Web page caption snippets
────────────────────────────────────────
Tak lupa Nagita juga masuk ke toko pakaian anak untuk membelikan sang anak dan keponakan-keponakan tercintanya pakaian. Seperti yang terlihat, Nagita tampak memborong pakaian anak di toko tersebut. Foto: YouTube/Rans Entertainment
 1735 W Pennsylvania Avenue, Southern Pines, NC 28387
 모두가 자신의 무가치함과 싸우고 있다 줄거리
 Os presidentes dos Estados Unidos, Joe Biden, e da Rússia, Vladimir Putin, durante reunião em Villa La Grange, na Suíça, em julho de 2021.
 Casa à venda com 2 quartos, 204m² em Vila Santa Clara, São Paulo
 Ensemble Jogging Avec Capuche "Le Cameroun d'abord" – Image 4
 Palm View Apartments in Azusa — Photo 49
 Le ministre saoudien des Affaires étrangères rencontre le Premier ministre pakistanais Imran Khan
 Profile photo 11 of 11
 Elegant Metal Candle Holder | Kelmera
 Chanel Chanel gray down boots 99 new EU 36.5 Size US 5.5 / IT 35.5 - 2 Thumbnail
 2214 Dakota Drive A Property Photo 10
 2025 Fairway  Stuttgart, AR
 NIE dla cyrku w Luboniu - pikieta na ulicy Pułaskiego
────────────────────────────────────────
# [Required work]
The entries above hold a line with "Casa à venda" and a later line with "2214 Dakota Drive A Property Photo 10". Write out exactly those lines and all lines between, nothing more.

# [The answer]
 Casa à venda com 2 quartos, 204m² em Vila Santa Clara, São Paulo
 Ensemble Jogging Avec Capuche "Le Cameroun d'abord" – Image 4
 Palm View Apartments in Azusa — Photo 49
 Le ministre saoudien des Affaires étrangères rencontre le Premier ministre pakistanais Imran Khan
 Profile photo 11 of 11
 Elegant Metal Candle Holder | Kelmera
 Chanel Chanel gray down boots 99 new EU 36.5 Size US 5.5 / IT 35.5 - 2 Thumbnail
 2214 Dakota Drive A Property Photo 10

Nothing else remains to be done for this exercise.